▶ Work instructions: Every line of the data below needs to be reproduced exactly.

START Material shown

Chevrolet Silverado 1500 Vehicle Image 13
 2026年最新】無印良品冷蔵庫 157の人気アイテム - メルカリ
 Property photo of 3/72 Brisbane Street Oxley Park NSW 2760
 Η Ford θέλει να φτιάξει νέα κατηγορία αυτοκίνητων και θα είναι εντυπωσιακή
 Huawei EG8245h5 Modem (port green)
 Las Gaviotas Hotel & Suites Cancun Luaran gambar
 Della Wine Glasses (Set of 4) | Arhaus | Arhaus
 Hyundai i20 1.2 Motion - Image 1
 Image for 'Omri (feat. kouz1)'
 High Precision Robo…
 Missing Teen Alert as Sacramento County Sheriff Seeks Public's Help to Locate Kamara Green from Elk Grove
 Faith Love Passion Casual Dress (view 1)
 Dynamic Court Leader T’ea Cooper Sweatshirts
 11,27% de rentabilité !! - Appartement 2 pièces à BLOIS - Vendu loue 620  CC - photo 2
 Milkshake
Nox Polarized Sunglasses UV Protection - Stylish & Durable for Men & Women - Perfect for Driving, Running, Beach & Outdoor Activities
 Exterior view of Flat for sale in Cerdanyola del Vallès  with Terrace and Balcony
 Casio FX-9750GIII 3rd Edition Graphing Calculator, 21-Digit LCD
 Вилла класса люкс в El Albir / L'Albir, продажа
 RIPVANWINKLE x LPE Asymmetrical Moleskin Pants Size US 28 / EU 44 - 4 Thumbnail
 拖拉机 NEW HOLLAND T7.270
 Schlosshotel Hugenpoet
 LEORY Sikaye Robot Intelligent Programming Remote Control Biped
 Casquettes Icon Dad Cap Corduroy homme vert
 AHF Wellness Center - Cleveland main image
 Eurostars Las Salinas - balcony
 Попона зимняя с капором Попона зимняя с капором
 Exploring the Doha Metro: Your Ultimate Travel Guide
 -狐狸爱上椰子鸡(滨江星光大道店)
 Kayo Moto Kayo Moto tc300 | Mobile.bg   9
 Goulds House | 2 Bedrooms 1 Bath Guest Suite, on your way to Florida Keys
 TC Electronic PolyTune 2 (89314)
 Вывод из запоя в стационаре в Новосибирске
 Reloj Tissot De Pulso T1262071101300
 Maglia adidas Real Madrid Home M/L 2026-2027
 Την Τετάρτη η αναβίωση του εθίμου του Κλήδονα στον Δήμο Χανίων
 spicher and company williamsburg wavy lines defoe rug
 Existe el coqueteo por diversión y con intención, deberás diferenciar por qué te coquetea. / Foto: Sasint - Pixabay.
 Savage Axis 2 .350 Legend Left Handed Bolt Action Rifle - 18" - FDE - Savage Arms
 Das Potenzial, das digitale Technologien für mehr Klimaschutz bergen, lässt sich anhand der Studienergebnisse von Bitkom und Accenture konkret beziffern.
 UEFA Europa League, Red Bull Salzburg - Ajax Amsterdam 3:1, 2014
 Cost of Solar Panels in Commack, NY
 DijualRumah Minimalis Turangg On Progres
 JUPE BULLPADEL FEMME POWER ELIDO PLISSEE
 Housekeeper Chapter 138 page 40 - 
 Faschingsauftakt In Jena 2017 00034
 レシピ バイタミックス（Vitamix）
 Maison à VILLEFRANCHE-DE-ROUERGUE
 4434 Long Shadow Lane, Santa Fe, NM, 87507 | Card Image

END Material shown

▶ Answer to this problem:
Chevrolet Silverado 1500 Vehicle Image 13
 2026年最新】無印良品冷蔵庫 157の人気アイテム - メルカリ
 Property photo of 3/72 Brisbane Street Oxley Park NSW 2760
 Η Ford θέλει να φτιάξει νέα κατηγορία αυτοκίνητων και θα είναι εντυπωσιακή
 Huawei EG8245h5 Modem (port green)
 Las Gaviotas Hotel & Suites Cancun Luaran gambar
 Della Wine Glasses (Set of 4) | Arhaus | Arhaus
 Hyundai i20 1.2 Motion - Image 1
 Image for 'Omri (feat. kouz1)'
 High Precision Robo…
 Missing Teen Alert as Sacramento County Sheriff Seeks Public's Help to Locate Kamara Green from Elk Grove
 Faith Love Passion Casual Dress (view 1)
 Dynamic Court Leader T’ea Cooper Sweatshirts
 11,27% de rentabilité !! - Appartement 2 pièces à BLOIS - Vendu loue 620  CC - photo 2
 Milkshake
Nox Polarized Sunglasses UV Protection - Stylish & Durable for Men & Women - Perfect for Driving, Running, Beach & Outdoor Activities
 Exterior view of Flat for sale in Cerdanyola del Vallès  with Terrace and Balcony
 Casio FX-9750GIII 3rd Edition Graphing Calculator, 21-Digit LCD
 Вилла класса люкс в El Albir / L'Albir, продажа
 RIPVANWINKLE x LPE Asymmetrical Moleskin Pants Size US 28 / EU 44 - 4 Thumbnail
 拖拉机 NEW HOLLAND T7.270
 Schlosshotel Hugenpoet
 LEORY Sikaye Robot Intelligent Programming Remote Control Biped
 Casquettes Icon Dad Cap Corduroy homme vert
 AHF Wellness Center - Cleveland main image
 Eurostars Las Salinas - balcony
 Попона зимняя с капором Попона зимняя с капором
 Exploring the Doha Metro: Your Ultimate Travel Guide
 -狐狸爱上椰子鸡(滨江星光大道店)
 Kayo Moto Kayo Moto tc300 | Mobile.bg   9
 Goulds House | 2 Bedrooms 1 Bath Guest Suite, on your way to Florida Keys
 TC Electronic PolyTune 2 (89314)
 Вывод из запоя в стационаре в Новосибирске
 Reloj Tissot De Pulso T1262071101300
 Maglia adidas Real Madrid Home M/L 2026-2027
 Την Τετάρτη η αναβίωση του εθίμου του Κλήδονα στον Δήμο Χανίων
 spicher and company williamsburg wavy lines defoe rug
 Existe el coqueteo por diversión y con intención, deberás diferenciar por qué te coquetea. / Foto: Sasint - Pixabay.
 Savage Axis 2 .350 Legend Left Handed Bolt Action Rifle - 18" - FDE - Savage Arms
 Das Potenzial, das digitale Technologien für mehr Klimaschutz bergen, lässt sich anhand der Studienergebnisse von Bitkom und Accenture konkret beziffern.
 UEFA Europa League, Red Bull Salzburg - Ajax Amsterdam 3:1, 2014
 Cost of Solar Panels in Commack, NY
 DijualRumah Minimalis Turangg On Progres
 JUPE BULLPADEL FEMME POWER ELIDO PLISSEE
 Housekeeper Chapter 138 page 40 - 
 Faschingsauftakt In Jena 2017 00034
 レシピ バイタミックス（Vitamix）
 Maison à VILLEFRANCHE-DE-ROUERGUE
 4434 Long Shadow Lane, Santa Fe, NM, 87507 | Card Image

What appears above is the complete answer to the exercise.